Iggy Pop

von 
Interview
zuerst erschienen im März/April 2002 in Alert Nr. 6, S. 48-55
„Niemand isst mehr Fleisch heutzutage, niemand raucht mehr...Niemand denkt mehr."

[48] James Osterberg alias Iggy Pop ist die Verkörperung des Rock. Brachial laut ist die Musik, wenn er auftritt, und seine Gelenke scheinen aus Gummi zu sein, wenn er sich - heute immerhin 54jährig - auf großer Bühne austobt. Das kommt vom Yoga und von einem mittlerweile gesünderen Lebensstil als jenem, den er als junger Mann praktizierte. Mehrfach war es schlicht Glück, dass Iggy Pop nicht einer Überdosierung von Drogen zum Opfer fiel. Sein bis heute größter Erfolg war der Song „The Passenger“, aber auch David Bowie („China Girl“) und Grace Jones („Nightclubbing“) sorgten mit Interpretationen von Pop-Songs für gefüllte Kassen auch in schlimmen Zeiten.

Das Interview mit Iggy Pop fand bereits im September 1999 in Hamburg statt. Pop lümmelte sich auf einem großen Ledersofa seiner Suite im Atlantic-Hotel, rauchte nicht und trank stilles Mineralwasser aus Plastikflaschen. Aus einem Loch seiner zerrissenen Jeans guckte ein braungebranntes Knie heraus. Frank Bauer traf Iggy Pop in dessen Wahlheimat Miami, um für die englische Musikzeitschrift „Wire“ eine Reihe von Fotos anzufertigen. Bis auf kurze Auszüge in der Zeitschrift „Prinz“ und in der Tageszeitung „Taz“ im Herbst 1999 ist das vorliegende Interview noch nie veröffentlicht worden.

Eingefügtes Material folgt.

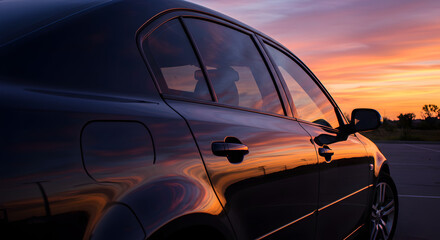 Automobile Photo Against Sunset Sky with Orange Reflection and Dark Silhouette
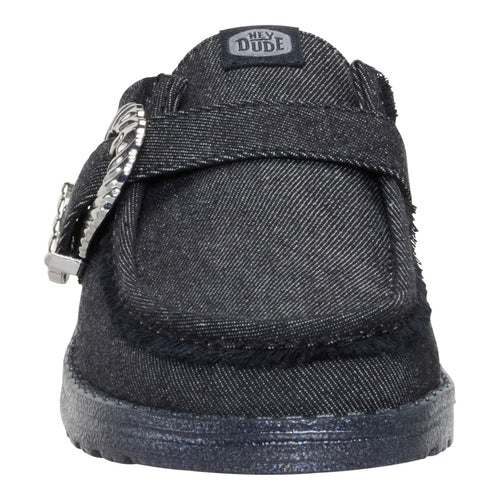 Hey Dude Wendy Slip Buckle Denim Black/Black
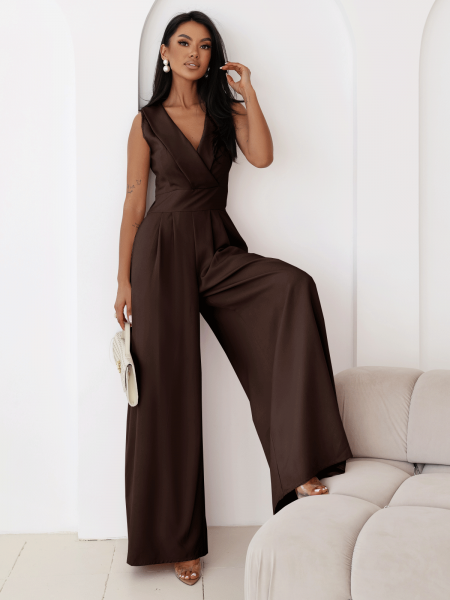 Kombinezon z szerokimi nogawkami ORMAN - czekoladowy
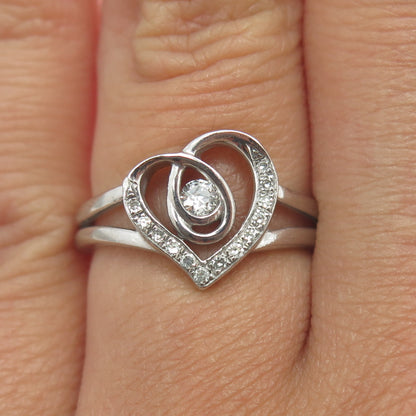 925 Sterling Silver Real Round-Cut Diamond Open Heart Love Ring Size 6.75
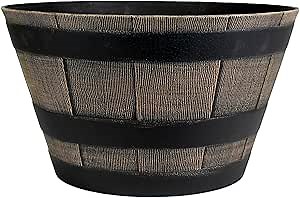The HC Companies Whiskey Barrel Planter - Faux Wooden Finish Flower Planter Pot - Decorative Garden Pots - Indoor & Outdoor Resin Planters - Weather-Resistant Planting Pots (20" Dark Oak)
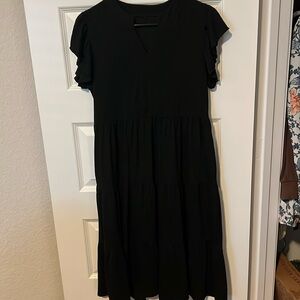 Black mid length dress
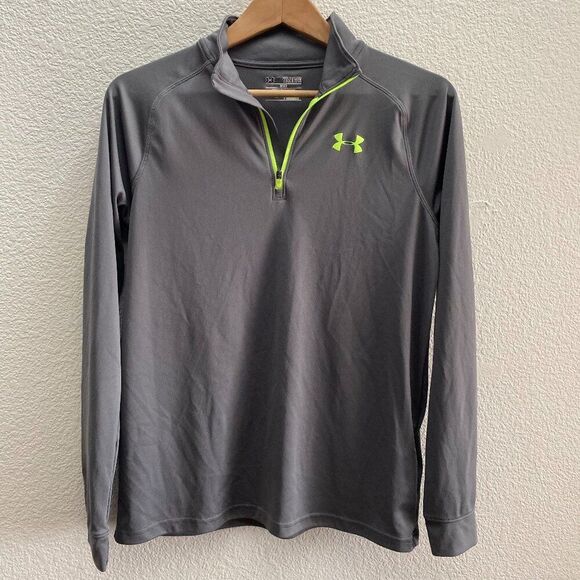 Under Armour Heat Gear Loose Fit 1/4 Zip Pullover Shirt Top Youth XL Gray Color - Picture 1 of 3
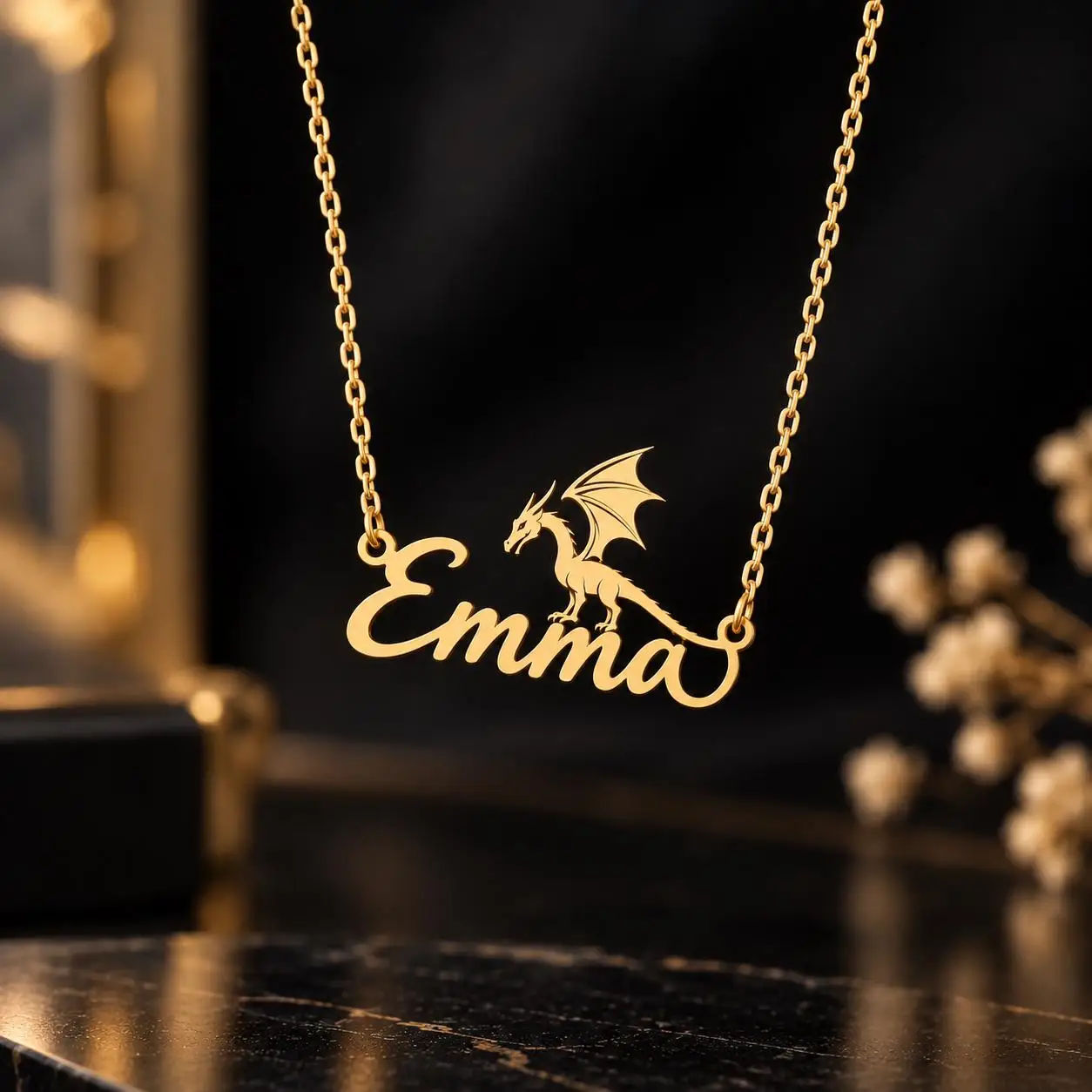 Flying Dragon Custom Name Necklace, Personalized Gift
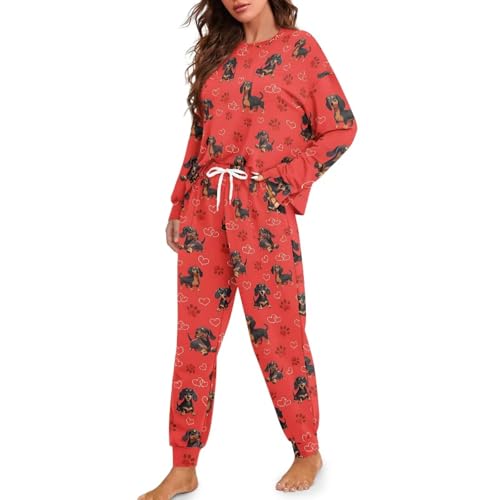 Image of Women's 2 Piece Printed Pajama Set Long Sleeve Sleepwear Set with Long Pants Casual Lounge Sets with Pocket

Muss man noch vor Ihren Schallplatten warnen, Mr. Pop?

Ich weiß nicht? Gibt es etwas, wovor die Menschen noch gewarnt werden müssen? Ich beleidige niemanden mehr. Vielleicht muss man meine alten Fans warnen.

Wovor?

Wenn man es zusammenfassen will, handeln meine letzten Platten von Würde und Stolz und davon, dass man sich nicht alles gefallen lassen darf. Nur dass ich meinen Schwanz dabei nicht mehr raushole.

Das hört sich abgebrüht an.

Mein tägliches Leben ist ausbalanciert. Ich fühle mich gut. Wenn die Leute mich mit „Mister“ anreden wollen, sollen sie mich mit „Mister“ anreden. Die Leute können mich aber auch anders nennen. Also nennen mich einige „Anders“. Das ist die Balance in meinem Leben. Ich bin sehr erfreut, wenn mich Leute ansprechen, die nichts mit dem Musikbusiness zu tun haben, und sie sagten: „Ich habe Wahrheit gehört auf Ihrer Platte, Mr. Pop.“

Was sagen die Menschen aus dem Musikbusiness?

Die halten mich für depressiv und exhibitionistisch. Aber damit kann ich leben.

[51] Halten Sie sich selbst für depressiv und exhibitionistisch?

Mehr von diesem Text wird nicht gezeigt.